# App for existing building dimensions and penetrations?



## smitty010203 (May 22, 2014)

Hey all,

I have been searching for a while but have yet to find the perfect App for a commercial roofer who spends some time walking existing buildings. I need something that will allow me to easily and quickly enter dimensions on a google earth image (which I have previously entered into the app) after I manually measure them. Likewise the app needs to be able to provide "eaches" at the touch of the screen, ie. roof drains, vtrs etc. As well as some other helpful information.

Anyone know of any programs that do it all like this? I have downloaded about every dimension, map editing, roofing, app i can find and none of them fit the bill..


----------



## 1985gt (Dec 21, 2010)

A pad and paper? 

I'll take a image of a building and do a quick drawing with a program we use, mark the general locations of units and such. Then just measure and draw the items you need that you can't see on google.


----------



## Grumpy (Oct 29, 2008)

No idea what an Each is.
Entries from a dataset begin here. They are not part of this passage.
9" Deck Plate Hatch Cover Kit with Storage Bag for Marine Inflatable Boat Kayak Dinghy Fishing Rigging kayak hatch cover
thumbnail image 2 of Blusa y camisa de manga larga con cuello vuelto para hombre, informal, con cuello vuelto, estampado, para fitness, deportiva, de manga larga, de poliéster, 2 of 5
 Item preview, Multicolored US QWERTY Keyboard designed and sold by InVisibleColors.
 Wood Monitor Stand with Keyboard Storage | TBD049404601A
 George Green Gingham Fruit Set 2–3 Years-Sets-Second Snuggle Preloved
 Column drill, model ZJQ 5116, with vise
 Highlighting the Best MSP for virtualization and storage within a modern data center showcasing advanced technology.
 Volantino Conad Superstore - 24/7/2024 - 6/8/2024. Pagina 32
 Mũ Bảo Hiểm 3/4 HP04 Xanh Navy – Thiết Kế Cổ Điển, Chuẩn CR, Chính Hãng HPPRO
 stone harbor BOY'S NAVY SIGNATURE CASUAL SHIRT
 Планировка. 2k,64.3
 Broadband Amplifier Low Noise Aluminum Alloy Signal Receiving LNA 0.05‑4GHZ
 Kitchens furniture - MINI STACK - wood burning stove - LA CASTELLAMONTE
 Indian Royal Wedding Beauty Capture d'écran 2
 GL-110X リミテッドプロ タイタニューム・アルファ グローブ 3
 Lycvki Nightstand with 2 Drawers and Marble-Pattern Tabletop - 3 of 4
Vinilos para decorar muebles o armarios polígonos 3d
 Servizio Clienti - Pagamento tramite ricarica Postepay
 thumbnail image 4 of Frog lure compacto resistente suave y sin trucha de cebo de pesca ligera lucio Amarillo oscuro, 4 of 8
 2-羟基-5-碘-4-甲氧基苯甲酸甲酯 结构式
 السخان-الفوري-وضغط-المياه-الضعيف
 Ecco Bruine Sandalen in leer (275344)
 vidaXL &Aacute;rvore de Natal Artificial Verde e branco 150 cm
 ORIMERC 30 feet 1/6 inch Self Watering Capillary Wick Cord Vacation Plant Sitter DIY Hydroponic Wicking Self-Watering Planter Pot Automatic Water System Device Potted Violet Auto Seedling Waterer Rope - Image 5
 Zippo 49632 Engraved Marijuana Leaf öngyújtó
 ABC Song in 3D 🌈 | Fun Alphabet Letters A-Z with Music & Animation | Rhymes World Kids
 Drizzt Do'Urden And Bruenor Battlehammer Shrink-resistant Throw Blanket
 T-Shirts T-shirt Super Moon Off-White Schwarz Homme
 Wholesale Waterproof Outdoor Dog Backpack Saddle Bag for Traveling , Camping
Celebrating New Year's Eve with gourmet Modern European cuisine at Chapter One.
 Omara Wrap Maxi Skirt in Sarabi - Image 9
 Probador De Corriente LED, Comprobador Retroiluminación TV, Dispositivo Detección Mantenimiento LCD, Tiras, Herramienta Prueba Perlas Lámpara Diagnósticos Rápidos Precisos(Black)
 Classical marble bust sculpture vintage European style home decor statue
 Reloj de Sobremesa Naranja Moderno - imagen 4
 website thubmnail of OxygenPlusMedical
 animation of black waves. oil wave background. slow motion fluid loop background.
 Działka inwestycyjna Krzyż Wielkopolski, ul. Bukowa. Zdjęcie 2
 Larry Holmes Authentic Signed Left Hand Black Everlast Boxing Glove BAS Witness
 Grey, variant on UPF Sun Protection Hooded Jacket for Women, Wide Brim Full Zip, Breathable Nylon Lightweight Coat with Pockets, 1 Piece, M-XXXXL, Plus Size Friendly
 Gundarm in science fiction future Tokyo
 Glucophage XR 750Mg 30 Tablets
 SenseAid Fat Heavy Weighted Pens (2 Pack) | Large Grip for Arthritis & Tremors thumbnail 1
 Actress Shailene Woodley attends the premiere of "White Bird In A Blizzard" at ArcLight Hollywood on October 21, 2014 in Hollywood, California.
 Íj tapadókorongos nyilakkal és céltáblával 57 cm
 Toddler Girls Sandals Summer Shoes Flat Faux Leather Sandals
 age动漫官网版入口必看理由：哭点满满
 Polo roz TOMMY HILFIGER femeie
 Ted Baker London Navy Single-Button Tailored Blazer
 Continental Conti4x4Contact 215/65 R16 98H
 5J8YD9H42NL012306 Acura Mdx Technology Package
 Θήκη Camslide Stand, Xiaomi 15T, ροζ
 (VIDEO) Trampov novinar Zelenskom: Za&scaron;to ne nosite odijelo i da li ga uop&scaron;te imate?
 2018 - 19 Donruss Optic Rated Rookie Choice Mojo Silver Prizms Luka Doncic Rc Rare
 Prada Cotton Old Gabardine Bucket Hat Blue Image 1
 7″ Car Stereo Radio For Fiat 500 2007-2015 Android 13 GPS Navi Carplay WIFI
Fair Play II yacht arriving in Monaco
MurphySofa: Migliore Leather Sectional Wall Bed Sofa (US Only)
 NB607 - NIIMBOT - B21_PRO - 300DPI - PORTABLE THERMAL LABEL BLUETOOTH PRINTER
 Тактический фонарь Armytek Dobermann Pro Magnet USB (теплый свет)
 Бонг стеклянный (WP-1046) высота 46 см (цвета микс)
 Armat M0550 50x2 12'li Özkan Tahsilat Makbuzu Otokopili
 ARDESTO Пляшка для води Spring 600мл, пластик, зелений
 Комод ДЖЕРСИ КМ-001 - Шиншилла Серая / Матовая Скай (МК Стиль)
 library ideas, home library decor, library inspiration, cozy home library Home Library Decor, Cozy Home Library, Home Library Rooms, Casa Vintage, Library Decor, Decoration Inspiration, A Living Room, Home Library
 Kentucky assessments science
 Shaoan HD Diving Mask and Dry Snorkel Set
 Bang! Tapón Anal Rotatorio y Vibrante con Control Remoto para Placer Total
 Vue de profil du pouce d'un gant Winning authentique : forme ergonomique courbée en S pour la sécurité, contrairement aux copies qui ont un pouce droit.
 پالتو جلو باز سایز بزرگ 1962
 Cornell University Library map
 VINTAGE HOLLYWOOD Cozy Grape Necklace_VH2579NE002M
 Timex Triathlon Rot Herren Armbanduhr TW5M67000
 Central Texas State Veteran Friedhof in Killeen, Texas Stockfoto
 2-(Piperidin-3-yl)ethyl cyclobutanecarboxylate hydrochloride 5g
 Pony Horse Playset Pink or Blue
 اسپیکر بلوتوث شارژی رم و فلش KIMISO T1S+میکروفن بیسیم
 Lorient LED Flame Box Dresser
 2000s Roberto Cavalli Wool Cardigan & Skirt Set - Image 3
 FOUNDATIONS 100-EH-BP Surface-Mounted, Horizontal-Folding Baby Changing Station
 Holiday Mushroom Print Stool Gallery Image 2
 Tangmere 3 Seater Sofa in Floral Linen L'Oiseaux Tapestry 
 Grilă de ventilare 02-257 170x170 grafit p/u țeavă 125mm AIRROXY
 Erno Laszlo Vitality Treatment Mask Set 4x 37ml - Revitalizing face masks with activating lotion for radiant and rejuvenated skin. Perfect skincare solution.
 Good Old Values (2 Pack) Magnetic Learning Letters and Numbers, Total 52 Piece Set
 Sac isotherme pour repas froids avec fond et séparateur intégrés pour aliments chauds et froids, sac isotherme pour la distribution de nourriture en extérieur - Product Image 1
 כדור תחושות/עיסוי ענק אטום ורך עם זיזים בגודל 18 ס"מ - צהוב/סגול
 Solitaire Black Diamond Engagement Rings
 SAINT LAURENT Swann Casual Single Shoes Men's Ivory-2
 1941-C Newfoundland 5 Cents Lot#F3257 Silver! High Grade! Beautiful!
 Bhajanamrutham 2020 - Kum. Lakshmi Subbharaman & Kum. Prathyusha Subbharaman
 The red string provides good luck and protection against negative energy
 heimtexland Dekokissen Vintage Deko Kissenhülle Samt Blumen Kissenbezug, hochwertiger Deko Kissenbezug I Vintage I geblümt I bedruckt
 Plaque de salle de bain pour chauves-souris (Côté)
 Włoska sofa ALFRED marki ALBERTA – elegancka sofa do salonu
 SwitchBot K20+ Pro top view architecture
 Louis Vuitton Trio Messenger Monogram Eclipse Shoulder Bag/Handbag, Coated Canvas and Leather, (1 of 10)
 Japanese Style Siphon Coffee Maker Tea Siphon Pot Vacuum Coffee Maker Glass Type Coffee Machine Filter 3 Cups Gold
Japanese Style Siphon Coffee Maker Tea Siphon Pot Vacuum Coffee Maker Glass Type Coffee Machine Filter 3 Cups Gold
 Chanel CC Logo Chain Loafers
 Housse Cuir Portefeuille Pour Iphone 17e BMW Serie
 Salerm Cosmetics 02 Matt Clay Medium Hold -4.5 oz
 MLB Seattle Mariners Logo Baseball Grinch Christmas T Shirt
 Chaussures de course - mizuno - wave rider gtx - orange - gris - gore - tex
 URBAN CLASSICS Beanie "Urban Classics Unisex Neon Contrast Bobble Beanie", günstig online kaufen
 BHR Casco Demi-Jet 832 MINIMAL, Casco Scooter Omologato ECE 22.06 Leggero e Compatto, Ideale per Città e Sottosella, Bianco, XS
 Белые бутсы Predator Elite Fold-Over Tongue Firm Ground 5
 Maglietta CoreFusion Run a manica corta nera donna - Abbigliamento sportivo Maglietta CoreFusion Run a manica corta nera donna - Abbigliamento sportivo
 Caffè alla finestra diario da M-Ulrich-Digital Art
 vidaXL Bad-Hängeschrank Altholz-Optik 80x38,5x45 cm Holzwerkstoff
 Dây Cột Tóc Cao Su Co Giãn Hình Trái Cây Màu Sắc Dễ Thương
I too walk many roofs, infact I prefer walking the roof to bidding from print. I will take a peek at the satellite image before visiting the job. Sometimes I will print the image, often times not. I will take a sheet of paper, redraw the roof, measure on site, and write down my measurements. I will count accessories and also write those down as well. 

While having an app could simplify things, actually from the shingle roof apps I have seen I found to over complicate things. 


When it comes to roofing apps, and CRM software, I have never found one that fits the bill for anything. Developing your own will probably cost more than it's worth. I know that is true for CRM.


----------